Abstract

We isolated and characterized almost the entire cDNA encoding BLM hydrolase from rat spleen cDNA libraries. The cDNA encoded a polypeptide composed of 454 amino acids, that had a slightly larger molecular mass than that was previously estimated by SDS-PAGE for purified BLM hydrolase subunit. Amino acid sequence alignments showed that rat BLM hydrolase is homologous to that of rabbit (94% identity of partial amino acid sequence), yeast cysteine protease (39% identity), and the pepC gene products of three bacteria (34-40% identity).
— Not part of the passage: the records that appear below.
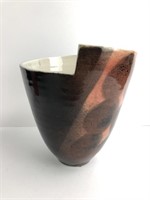 Unique Signed Pottery Art Vase/Bowl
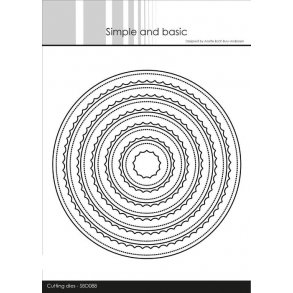 Simple and Basic - Die - Inner Scallop Circle - SBD088
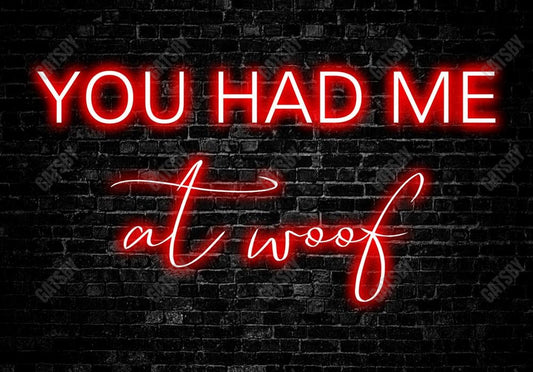 Gatsby Valentine Pet You Had Me At Woof Photography Backdrop Gbsx-01293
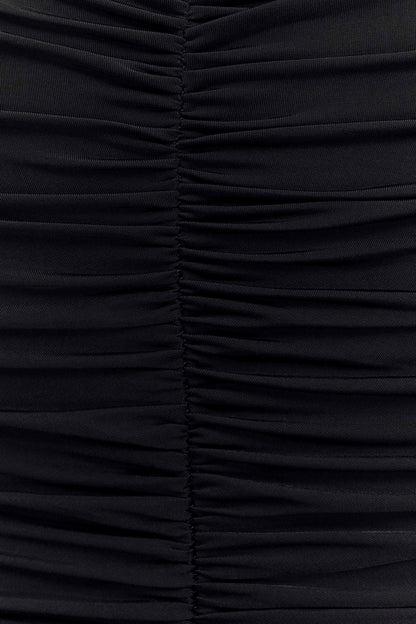 Robe Maxi Étroite et en Maille Delaney - Noir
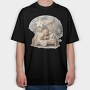 Night Stars Bear Clips, Tricou Oversize Barbati (Unisex)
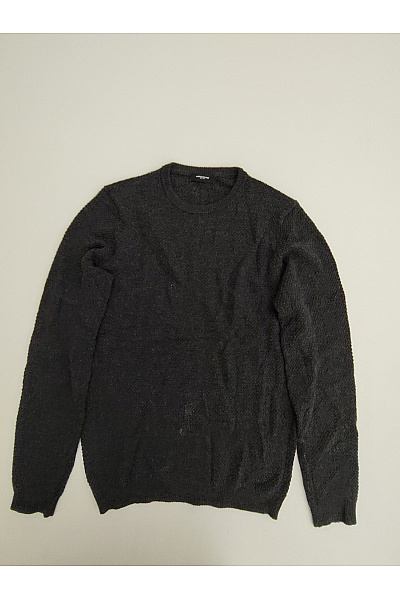LAWRENCE GREY Pánský černý Pletený Pulovr Basic Vel. S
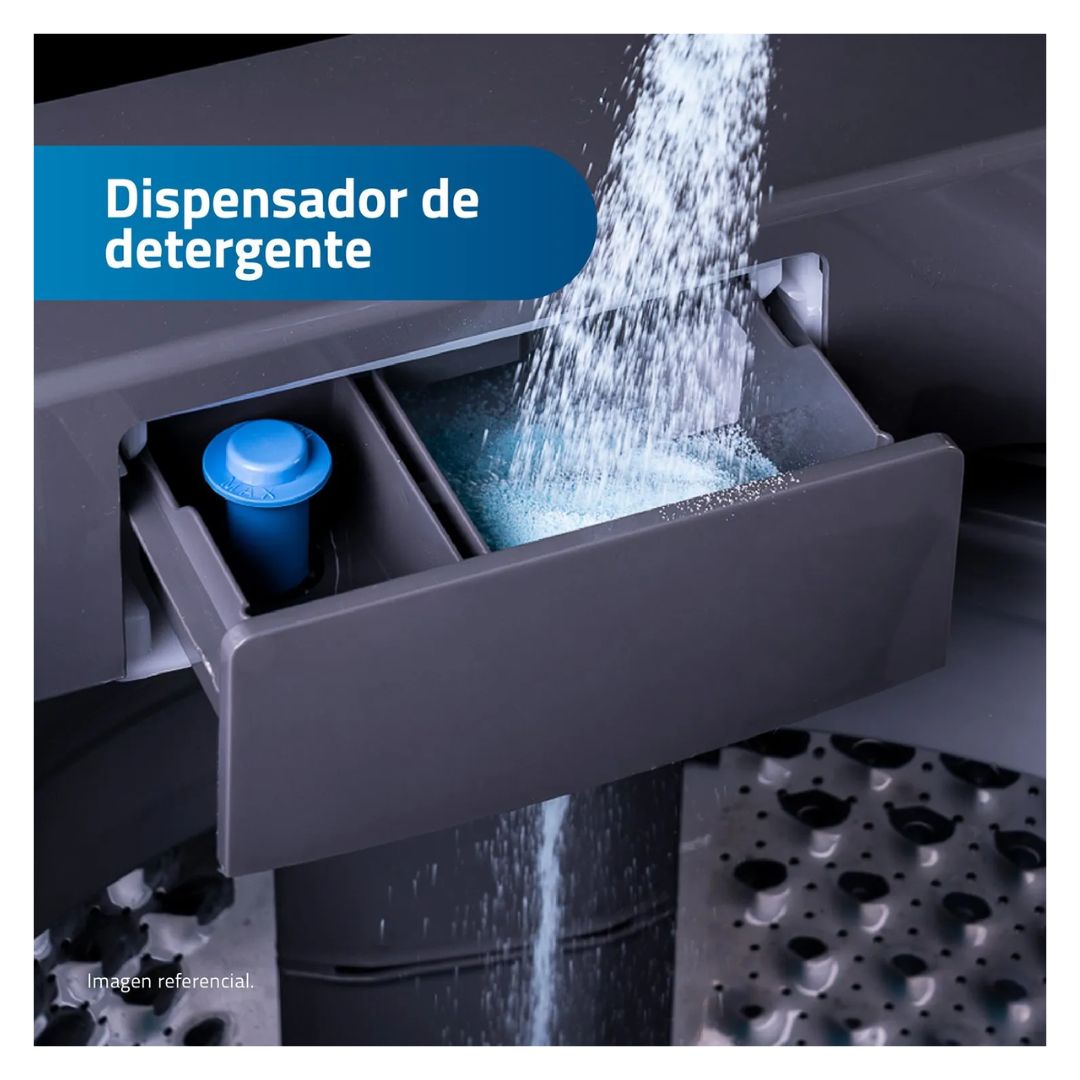 LAVADORA INDURAMA ANTIENRREDO 13 KG CARGA SUPERIOR GRIS - LRI-13DGR - 7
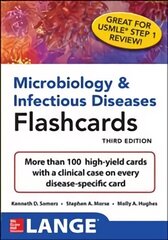 Microbiology & Infectious Diseases Flashcards, Third Edition 3rd edition hind ja info | Majandusalased raamatud | kaup24.ee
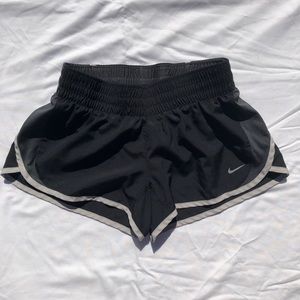 Nike black Dry Fit running shorts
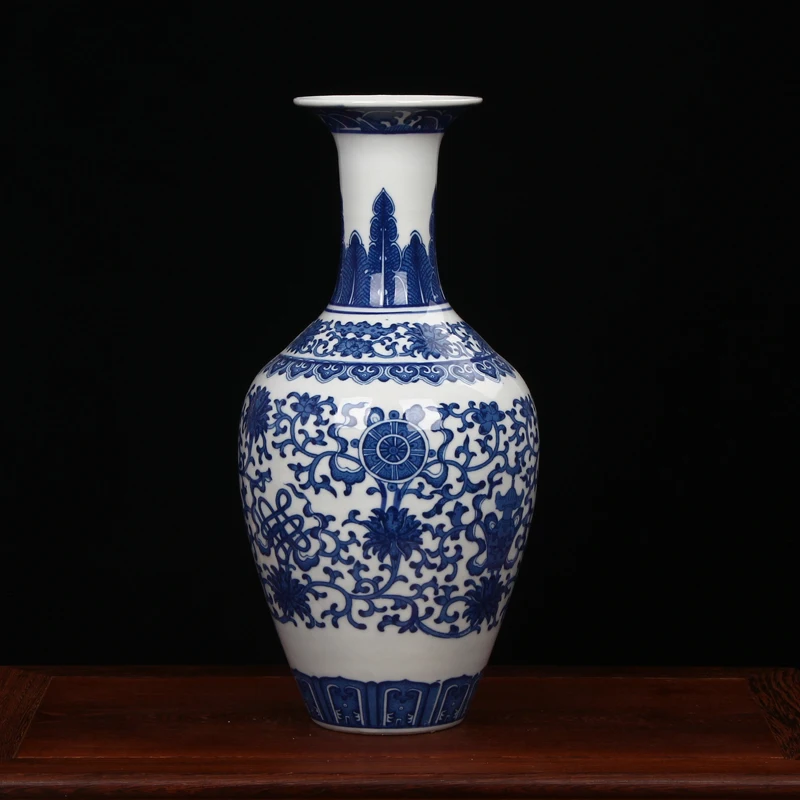 Jingdezhen Porcelain vase chinese ceramic vase China flower pot vase modern Chinese crafts blue and white flower porcelain vase
Jingdezhen Porcelain vase chinese ceramic vase China flower pot vase modern Chinese crafts blue and white flower porcelain vase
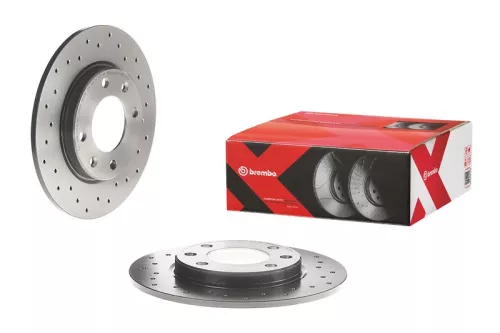 2x Pair Brembo Rear Solid Brake Discs 247mm Fits Citroen Peugeot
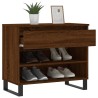 Armoire à chaussures Chêne marron 70x36x60 cm Bois d'ingénierie 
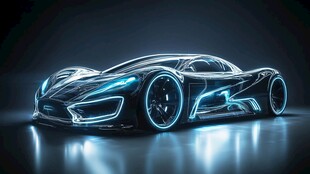 未来感炫酷概念跑车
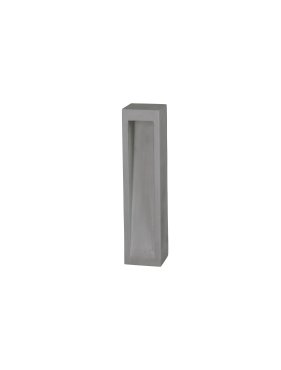 Nova Luce Barco - tuinpaal - 12 x 60 x 12 cm - 6W LED incl. - IP65 - grijs
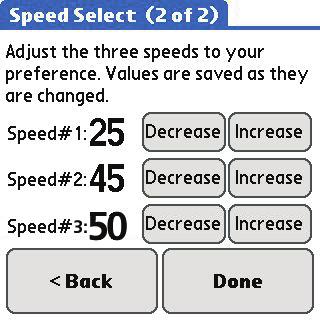 Figure 6 To change the target speed presets, from the System Monitor screen, press the center of the 5-way navigation button to access the System Menu.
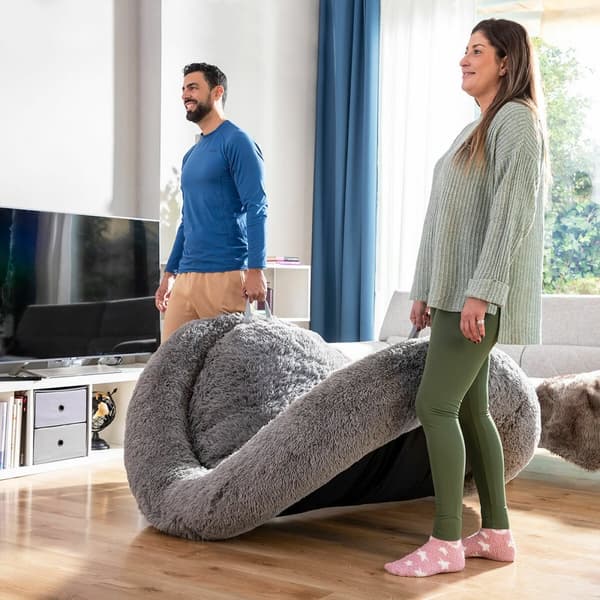 Hundsäng för människor | Human Dog Bed XXL InnovaGoods Grey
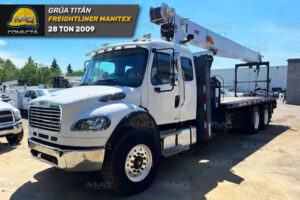 GRÚA TITÁN FREIGHTLINER MANITEX 28 TON 2009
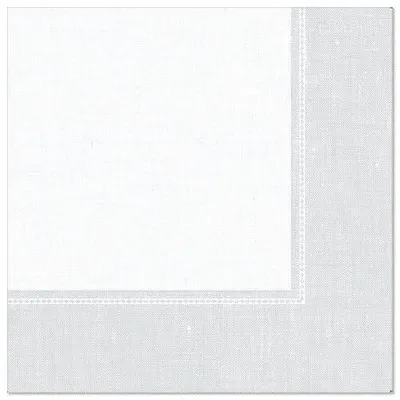 Produktbild von Papstar Servietten, weiß, "ROYAL Collection", 1/4-Falz, 40 x 40 cm, "Linum" 5 x 50 Stück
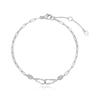 Tirr Lirr Wavelet Point White Silver Bracelet TBESVW08040-1M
In addition, it contained the three regions that are conserved in other cysteine proteases and thought to constitute the catalytic center. These results indicated that rat BLM hydrolase is a member of the papain superfamily of cysteine proteases. Sequencing revealed several putative sites phosphorylated by different types of protein kinases, but no signal sequence, transmembrane domain, N-linked glycosylation site or DNA-binding motif. The yeast homolog is a DNA-binding cysteine protease [Xu et al. (1994) J. Biol. Chem, 269, 21177-21183]. We demonstrated that rat BLM hydrolase also binds the single-stranded form of the Ga14 DNA-binding site oligonucleotide with high affinity compared with that of the double-stranded form. Northern blots revealed that the level of BLM hydrolase mRNA expression was very low in the rat skin, lung, and skeletal muscle. Furthermore, BLM hydrolase mRNA was ubiquitously expressed in the human cell lines, HeLa, SKG-IIIa, FL, KB, HEp-2, U373 GM, P3HR-1, Raji, THP-1, Jurkat, and Molt-4. These results suggested that BLM hydrolase plays important physiological roles, including the metabolism of antibiotics.